Exelity månadsrapport – januari 2023

Exelity Monthly Report – January 2023

The net return for Exelity during the month of January amounted to +3.2 %, compared to the goal of reaching at least 10 % per year. The fund has no benchmark. The unique profile with an emphasis on financial transactions makes it less suitable to compare with various stock market indices.

The return from financial transactions amounted to 1.3 % of the fund's total current asset mass (AUM). The development was therefore primarily driven by the listed portfolio and preferably the larger holdings in CTT, Protector and Biovica. We have made a number of transactions right around the turn of the month which would have added another 0.8 % to the return if we had received delivery of the shares. Above all, however, the return was dampened by our low share of shares of just under 40 % and the large treasury of 27 %. The cash register must be used as soon as we have identified more transactions that meet our high requirements for risk-adjusted returns and limited downside. A large cash register is therefore not an end in itself but an expression of caution. The goal is absolute return and not losing money is an important part of this equation. This means that the number one priority right now is to increase the proportion of loans from 31 % to closer to 50 %, which is our loan limit (incl. unlisted). Throwing yourself completely on the insanely speeding stock train during January, with the risks it entails, was therefore never an option.

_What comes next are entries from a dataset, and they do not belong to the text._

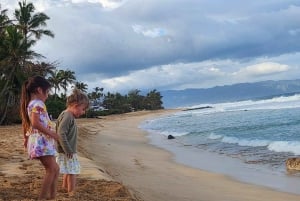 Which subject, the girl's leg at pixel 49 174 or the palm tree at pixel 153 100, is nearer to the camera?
the girl's leg at pixel 49 174

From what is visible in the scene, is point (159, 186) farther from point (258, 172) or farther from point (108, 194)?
point (258, 172)

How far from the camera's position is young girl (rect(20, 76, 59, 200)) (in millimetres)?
4848

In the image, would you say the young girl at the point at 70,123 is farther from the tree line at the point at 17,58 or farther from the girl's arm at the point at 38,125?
the tree line at the point at 17,58

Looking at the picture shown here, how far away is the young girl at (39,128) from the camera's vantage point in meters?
4.85

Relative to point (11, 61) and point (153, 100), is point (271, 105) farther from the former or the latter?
point (153, 100)

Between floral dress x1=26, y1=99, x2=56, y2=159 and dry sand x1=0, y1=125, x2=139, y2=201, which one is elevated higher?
floral dress x1=26, y1=99, x2=56, y2=159

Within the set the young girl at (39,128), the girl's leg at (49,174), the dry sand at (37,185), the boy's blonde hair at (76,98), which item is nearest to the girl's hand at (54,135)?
the young girl at (39,128)

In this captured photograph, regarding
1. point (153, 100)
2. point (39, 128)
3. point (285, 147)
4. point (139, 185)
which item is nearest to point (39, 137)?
point (39, 128)

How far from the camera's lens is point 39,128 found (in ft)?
15.7

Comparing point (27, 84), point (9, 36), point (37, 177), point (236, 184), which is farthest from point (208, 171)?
point (9, 36)

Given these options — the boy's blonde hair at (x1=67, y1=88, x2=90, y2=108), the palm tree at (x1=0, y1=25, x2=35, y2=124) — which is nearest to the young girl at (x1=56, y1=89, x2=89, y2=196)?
the boy's blonde hair at (x1=67, y1=88, x2=90, y2=108)

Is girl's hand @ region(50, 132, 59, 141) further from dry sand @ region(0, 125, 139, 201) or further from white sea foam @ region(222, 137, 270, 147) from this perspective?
white sea foam @ region(222, 137, 270, 147)

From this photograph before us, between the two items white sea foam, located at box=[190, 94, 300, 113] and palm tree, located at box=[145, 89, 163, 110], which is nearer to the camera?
white sea foam, located at box=[190, 94, 300, 113]

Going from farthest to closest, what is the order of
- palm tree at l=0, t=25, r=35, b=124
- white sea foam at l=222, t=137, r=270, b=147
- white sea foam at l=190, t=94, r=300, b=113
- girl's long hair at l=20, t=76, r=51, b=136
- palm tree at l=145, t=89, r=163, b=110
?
palm tree at l=145, t=89, r=163, b=110, white sea foam at l=190, t=94, r=300, b=113, palm tree at l=0, t=25, r=35, b=124, white sea foam at l=222, t=137, r=270, b=147, girl's long hair at l=20, t=76, r=51, b=136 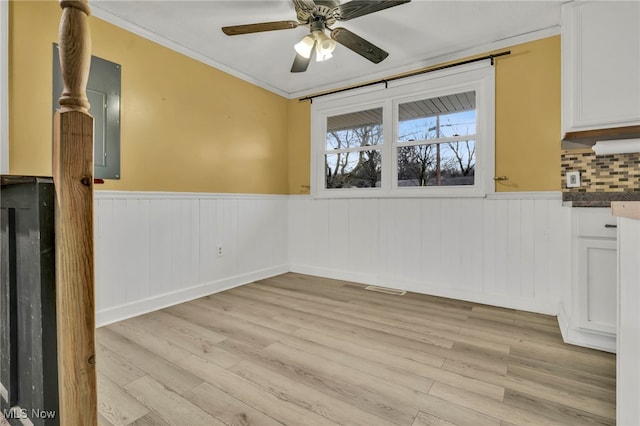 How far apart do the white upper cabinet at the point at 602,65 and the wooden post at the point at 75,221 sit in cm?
269

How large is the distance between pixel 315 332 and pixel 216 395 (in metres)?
Result: 0.86

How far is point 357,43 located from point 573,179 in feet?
6.47

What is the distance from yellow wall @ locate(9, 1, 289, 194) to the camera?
6.51 ft

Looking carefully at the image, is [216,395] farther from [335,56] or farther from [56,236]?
[335,56]

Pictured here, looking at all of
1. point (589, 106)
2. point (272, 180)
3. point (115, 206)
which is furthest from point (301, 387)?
point (272, 180)

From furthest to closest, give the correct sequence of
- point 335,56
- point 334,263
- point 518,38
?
1. point 334,263
2. point 335,56
3. point 518,38

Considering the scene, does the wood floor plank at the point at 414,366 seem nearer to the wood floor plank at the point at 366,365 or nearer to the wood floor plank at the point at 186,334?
the wood floor plank at the point at 366,365

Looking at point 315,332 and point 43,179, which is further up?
point 43,179

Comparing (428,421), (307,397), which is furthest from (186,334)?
(428,421)

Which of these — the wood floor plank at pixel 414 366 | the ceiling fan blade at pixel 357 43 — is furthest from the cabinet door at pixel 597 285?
the ceiling fan blade at pixel 357 43

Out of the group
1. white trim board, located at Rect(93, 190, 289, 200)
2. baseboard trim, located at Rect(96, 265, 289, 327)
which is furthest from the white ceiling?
baseboard trim, located at Rect(96, 265, 289, 327)

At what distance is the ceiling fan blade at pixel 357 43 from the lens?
212 centimetres

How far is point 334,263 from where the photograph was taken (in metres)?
3.79

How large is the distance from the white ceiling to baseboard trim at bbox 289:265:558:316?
7.34 feet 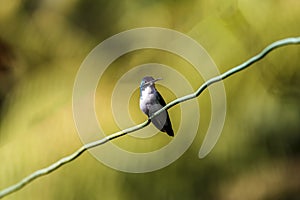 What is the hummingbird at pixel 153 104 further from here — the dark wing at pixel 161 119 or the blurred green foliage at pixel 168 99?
the blurred green foliage at pixel 168 99

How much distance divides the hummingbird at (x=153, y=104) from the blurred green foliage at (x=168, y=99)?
20 cm

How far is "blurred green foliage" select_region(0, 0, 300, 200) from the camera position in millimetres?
3473

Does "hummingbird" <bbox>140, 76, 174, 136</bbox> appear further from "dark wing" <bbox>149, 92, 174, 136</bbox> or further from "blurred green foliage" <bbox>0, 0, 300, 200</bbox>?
"blurred green foliage" <bbox>0, 0, 300, 200</bbox>

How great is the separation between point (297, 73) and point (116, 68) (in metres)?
0.72

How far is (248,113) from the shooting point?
11.4 ft

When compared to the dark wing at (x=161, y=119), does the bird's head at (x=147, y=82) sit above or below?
above

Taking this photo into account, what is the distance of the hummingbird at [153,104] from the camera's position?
3.32 metres

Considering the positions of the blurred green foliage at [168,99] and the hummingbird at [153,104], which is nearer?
the hummingbird at [153,104]

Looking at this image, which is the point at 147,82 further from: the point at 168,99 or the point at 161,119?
the point at 168,99

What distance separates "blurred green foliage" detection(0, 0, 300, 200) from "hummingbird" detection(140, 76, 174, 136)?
0.20 meters

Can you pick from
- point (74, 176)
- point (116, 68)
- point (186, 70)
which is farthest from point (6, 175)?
point (186, 70)

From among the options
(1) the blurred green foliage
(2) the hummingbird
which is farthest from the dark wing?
(1) the blurred green foliage

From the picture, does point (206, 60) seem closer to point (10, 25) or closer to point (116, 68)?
point (116, 68)

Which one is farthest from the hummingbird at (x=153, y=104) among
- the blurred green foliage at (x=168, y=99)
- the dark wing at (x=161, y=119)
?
the blurred green foliage at (x=168, y=99) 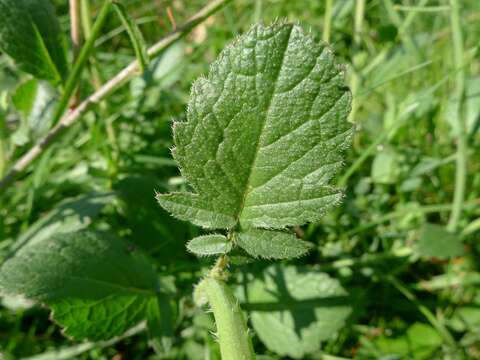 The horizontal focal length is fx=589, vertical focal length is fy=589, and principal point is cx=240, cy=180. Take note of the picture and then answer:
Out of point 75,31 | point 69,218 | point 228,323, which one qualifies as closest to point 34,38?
point 75,31

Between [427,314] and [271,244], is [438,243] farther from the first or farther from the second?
[271,244]

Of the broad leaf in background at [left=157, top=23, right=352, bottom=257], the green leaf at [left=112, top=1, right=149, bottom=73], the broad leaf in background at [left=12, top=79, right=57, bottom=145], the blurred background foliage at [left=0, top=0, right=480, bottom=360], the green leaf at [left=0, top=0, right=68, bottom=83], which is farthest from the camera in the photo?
the blurred background foliage at [left=0, top=0, right=480, bottom=360]

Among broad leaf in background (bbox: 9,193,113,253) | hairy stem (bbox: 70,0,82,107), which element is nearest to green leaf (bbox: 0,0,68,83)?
hairy stem (bbox: 70,0,82,107)

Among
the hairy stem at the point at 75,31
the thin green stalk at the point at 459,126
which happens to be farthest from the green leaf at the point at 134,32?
the thin green stalk at the point at 459,126

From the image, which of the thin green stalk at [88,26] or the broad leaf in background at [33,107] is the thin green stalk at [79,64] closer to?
the broad leaf in background at [33,107]

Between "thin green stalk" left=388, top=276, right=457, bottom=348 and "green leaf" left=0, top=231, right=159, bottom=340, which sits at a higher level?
"green leaf" left=0, top=231, right=159, bottom=340

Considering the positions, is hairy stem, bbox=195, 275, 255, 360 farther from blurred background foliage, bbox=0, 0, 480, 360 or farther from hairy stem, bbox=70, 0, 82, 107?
hairy stem, bbox=70, 0, 82, 107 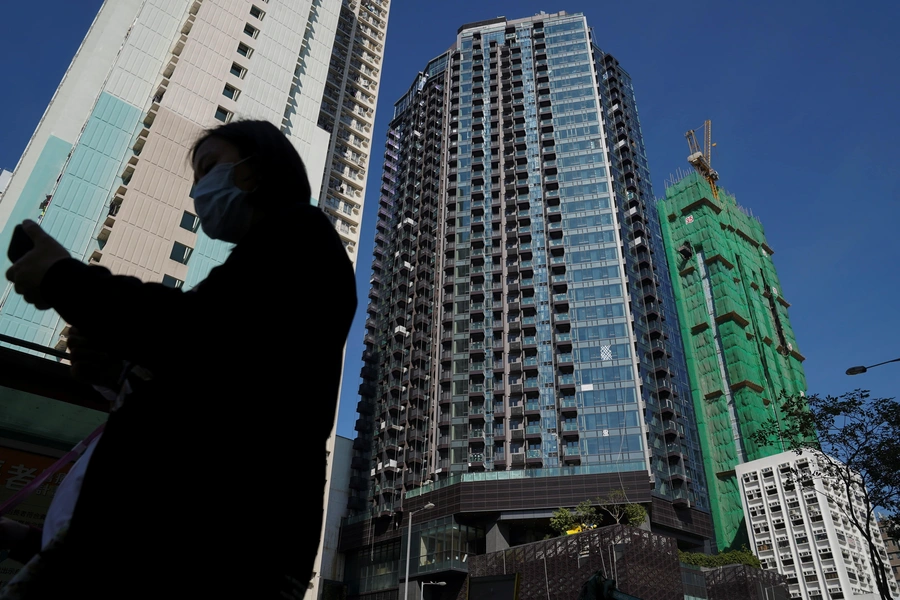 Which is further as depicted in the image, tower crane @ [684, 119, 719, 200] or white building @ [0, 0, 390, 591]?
A: tower crane @ [684, 119, 719, 200]

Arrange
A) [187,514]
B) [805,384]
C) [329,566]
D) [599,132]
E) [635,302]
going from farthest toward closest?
[805,384], [599,132], [329,566], [635,302], [187,514]

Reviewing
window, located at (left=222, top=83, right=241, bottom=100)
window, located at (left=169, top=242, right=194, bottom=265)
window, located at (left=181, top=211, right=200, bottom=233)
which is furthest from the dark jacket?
window, located at (left=222, top=83, right=241, bottom=100)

The loan exposure was at the end of January at 31%, excluding new loans with a payment date after the end of the period. Future interest, origination fees and, where applicable, conversions total 5.3 % of AUM. We have entered into two new loans with a monthly interest rate of 2.0 %, which raises the average interest rate, just as we indicated in our last monthly letter. During the period, four of our guarantees have expired without any part of these guarantee commitments having to be called upon. With new commitments, the guarantee exposure at the end of January remains at the same level as in December (5 %), but in addition to that we have already signed a larger guarantee until the beginning of February whose compensation corresponds to 0.5% of AUM.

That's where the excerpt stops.